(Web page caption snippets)
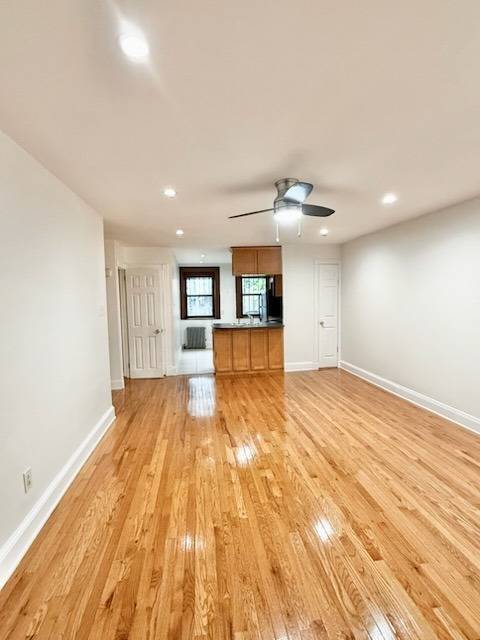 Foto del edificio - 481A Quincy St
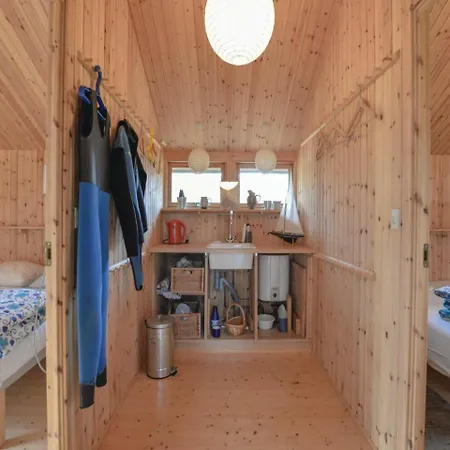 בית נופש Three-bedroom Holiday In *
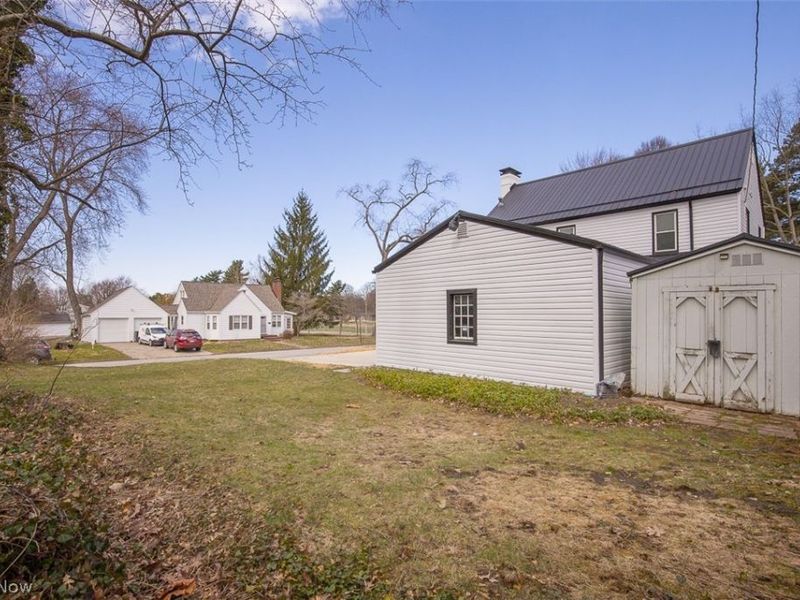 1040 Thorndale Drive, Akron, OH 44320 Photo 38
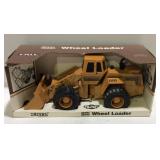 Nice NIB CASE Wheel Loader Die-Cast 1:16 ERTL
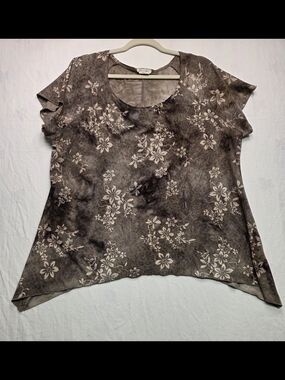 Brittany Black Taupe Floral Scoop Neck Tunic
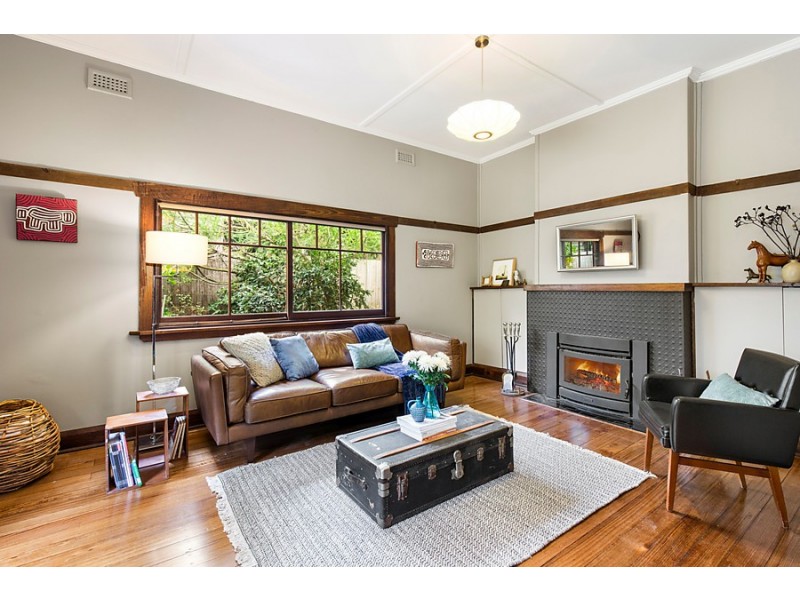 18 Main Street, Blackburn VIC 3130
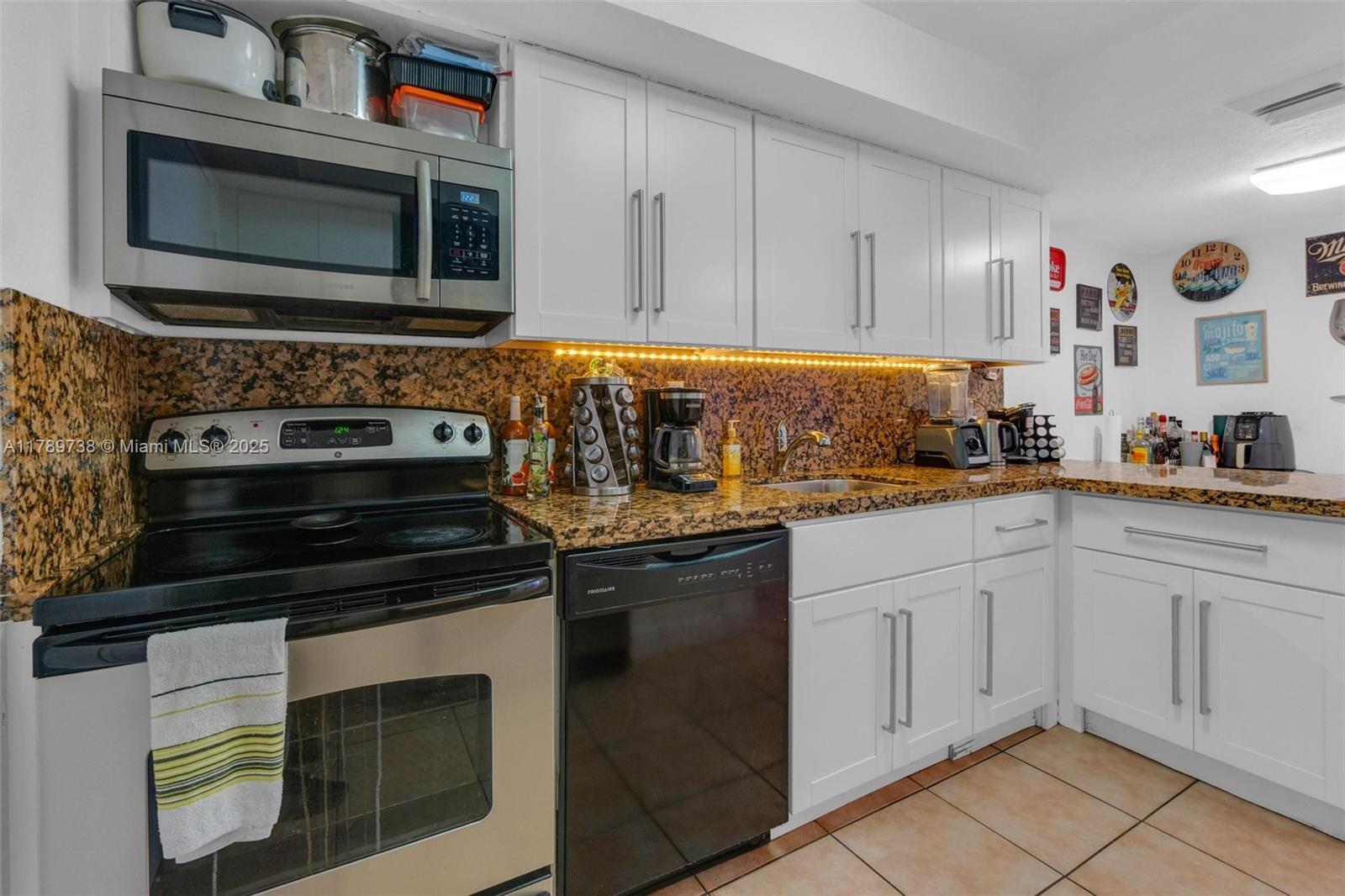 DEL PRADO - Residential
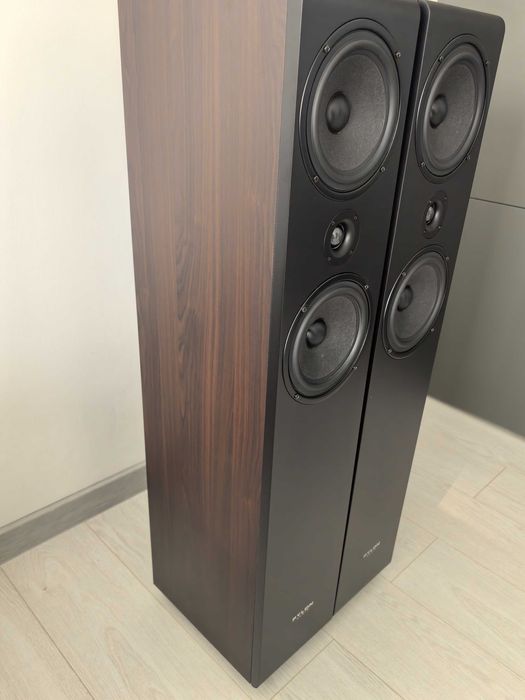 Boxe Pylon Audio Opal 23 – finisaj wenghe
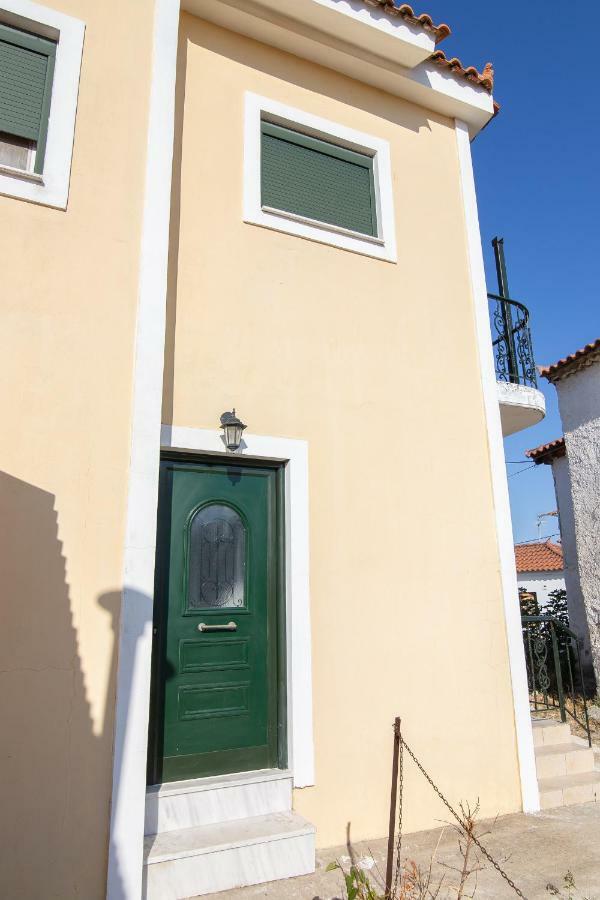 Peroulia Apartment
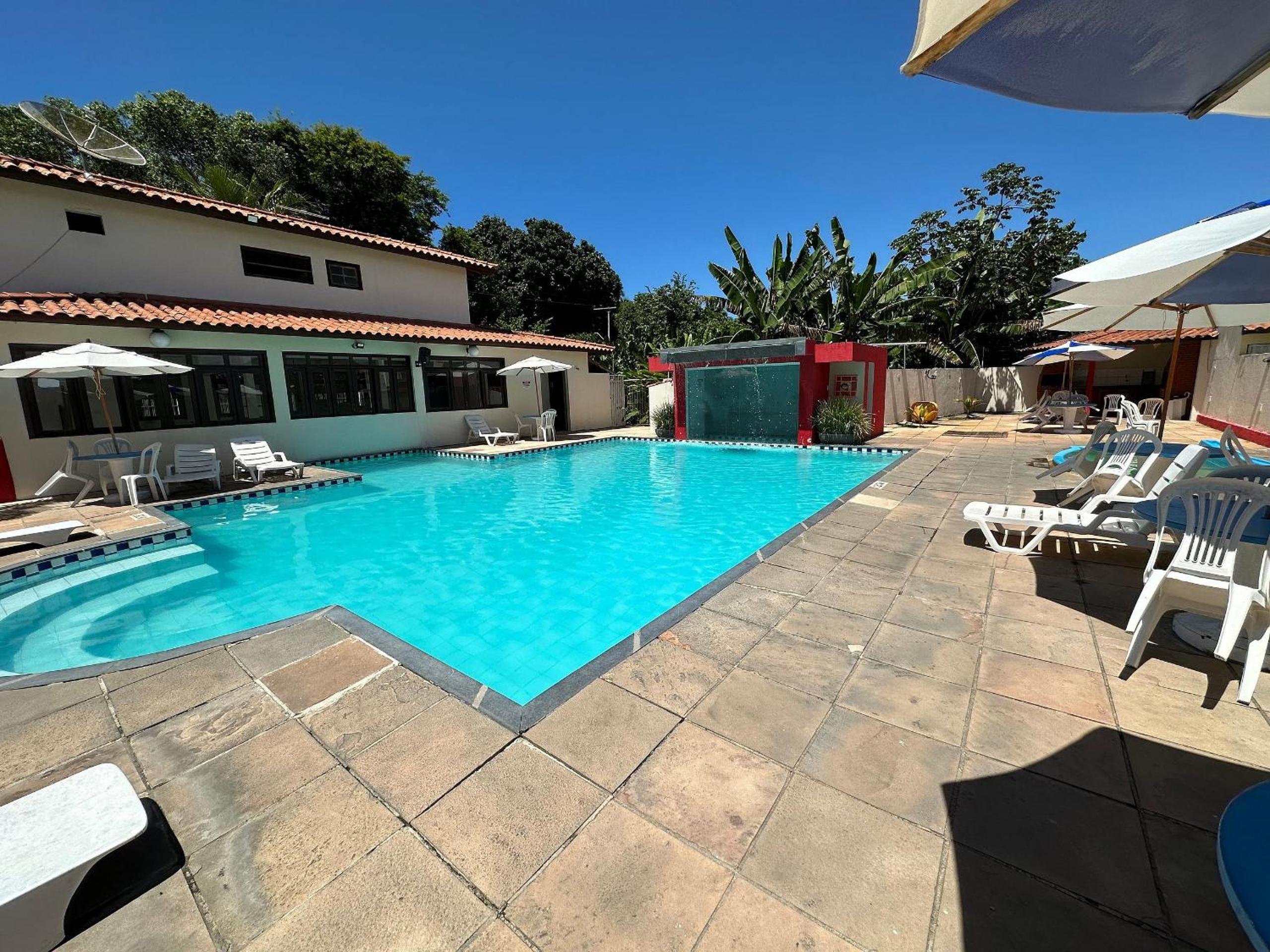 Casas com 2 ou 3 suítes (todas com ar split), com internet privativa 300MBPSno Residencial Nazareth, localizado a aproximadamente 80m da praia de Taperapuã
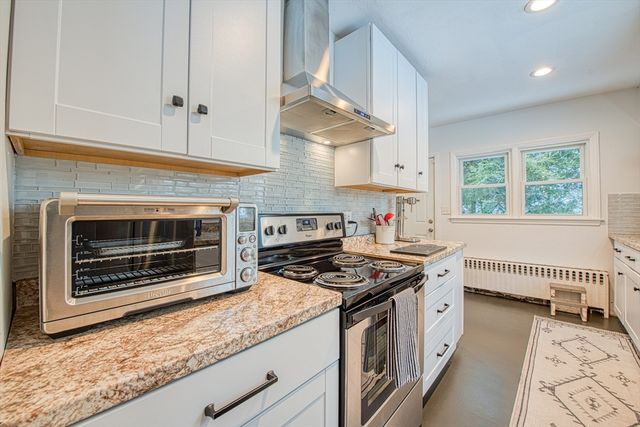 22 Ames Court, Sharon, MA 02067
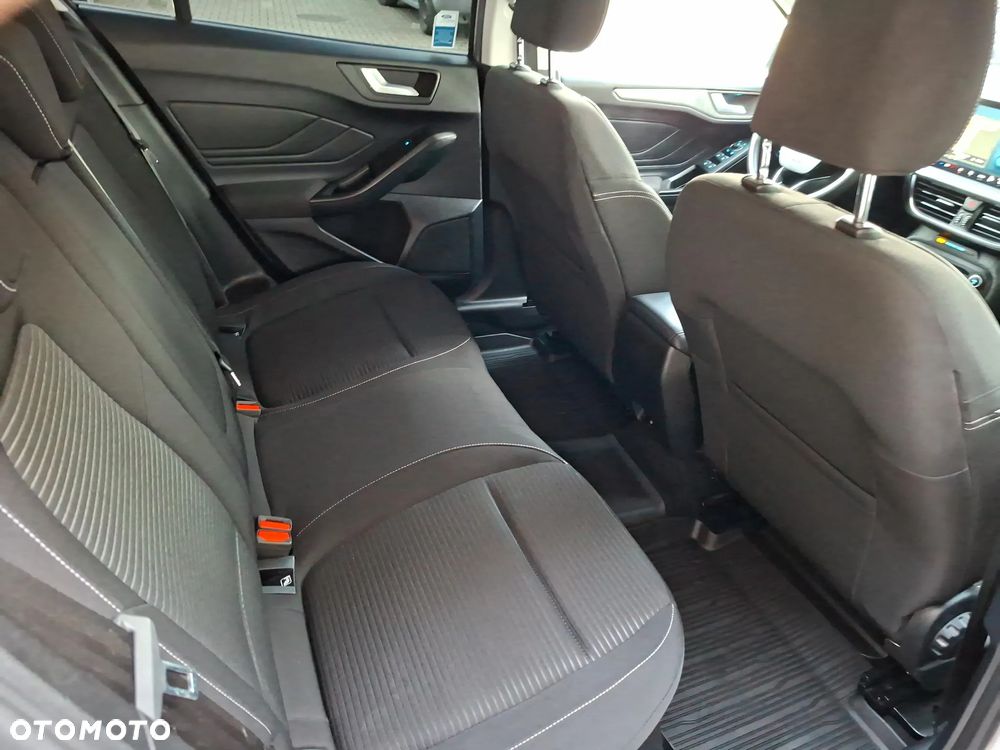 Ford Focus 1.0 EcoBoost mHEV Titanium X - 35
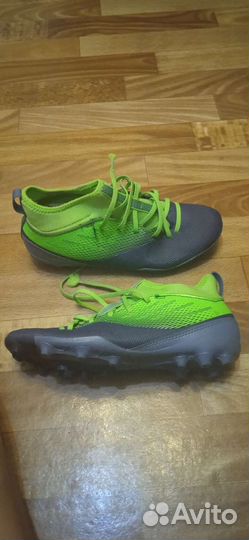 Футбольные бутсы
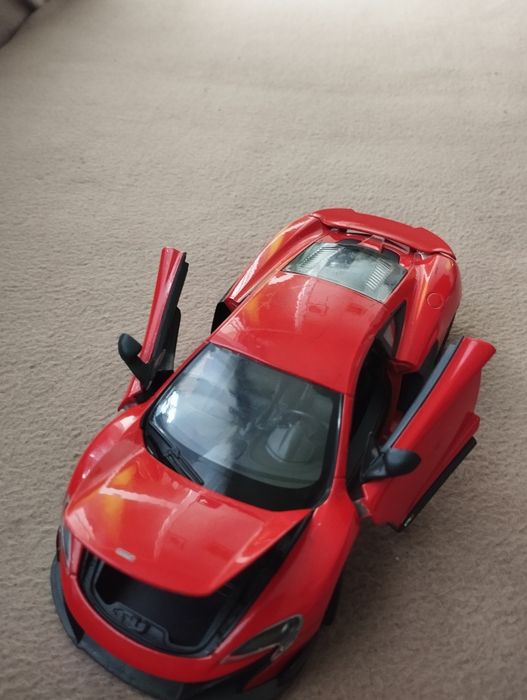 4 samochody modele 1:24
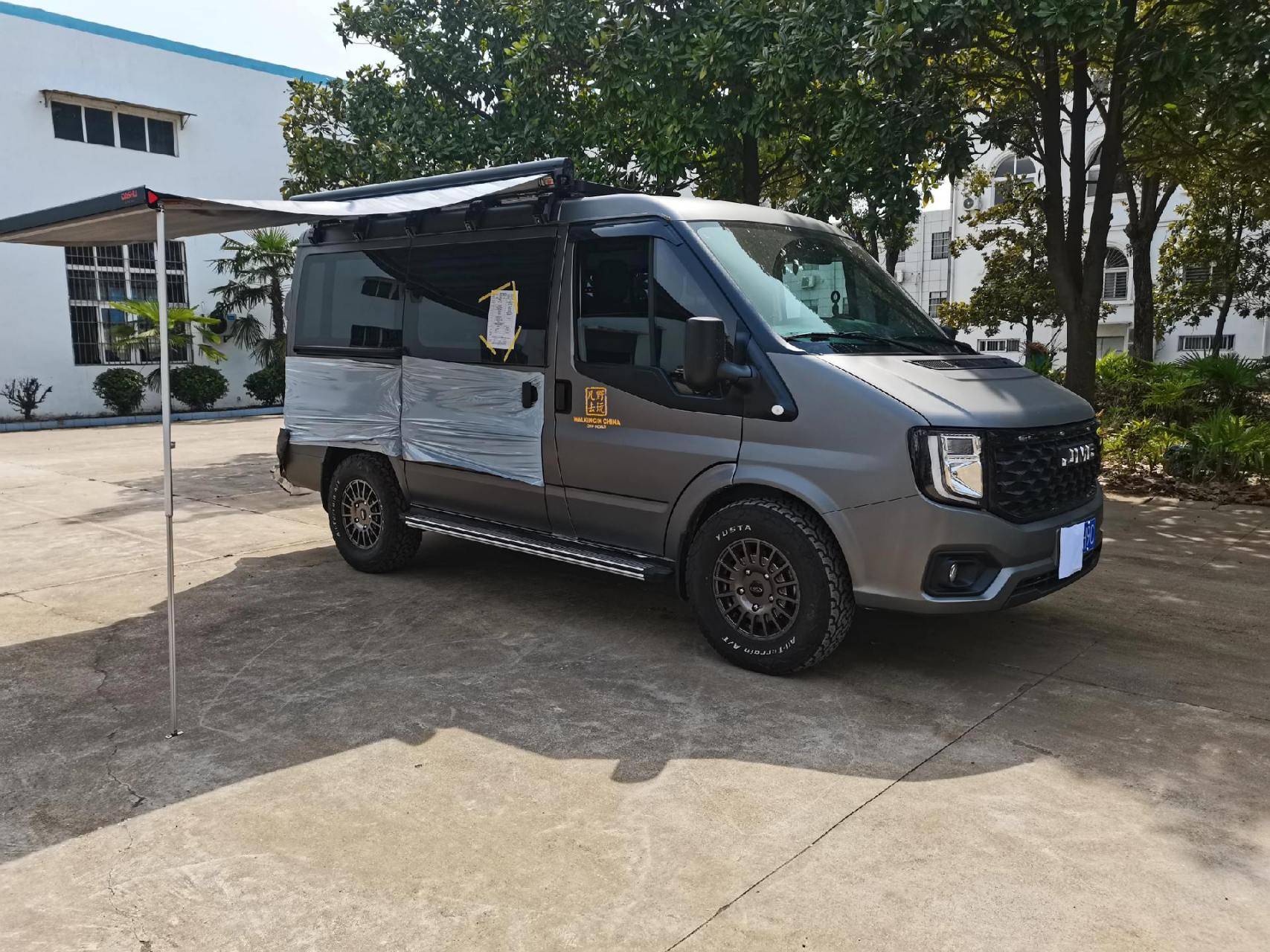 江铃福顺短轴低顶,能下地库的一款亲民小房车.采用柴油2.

What to produce
Write the records out once more, exactly as they appear, with no pictures.

Solution
 Foto del edificio - 481A Quincy St
 בית נופש Three-bedroom Holiday In *
 1040 Thorndale Drive, Akron, OH 44320 Photo 38
 Nice NIB CASE Wheel Loader Die-Cast 1:16 ERTL
 Brittany Black Taupe Floral Scoop Neck Tunic
 18 Main Street, Blackburn VIC 3130
 DEL PRADO - Residential
 Boxe Pylon Audio Opal 23 – finisaj wenghe
 Peroulia Apartment
 Casas com 2 ou 3 suítes (todas com ar split), com internet privativa 300MBPSno Residencial Nazareth, localizado a aproximadamente 80m da praia de Taperapuã
 22 Ames Court, Sharon, MA 02067
 Ford Focus 1.0 EcoBoost mHEV Titanium X - 35
 Футбольные бутсы
 4 samochody modele 1:24
 江铃福顺短轴低顶,能下地库的一款亲民小房车.采用柴油2.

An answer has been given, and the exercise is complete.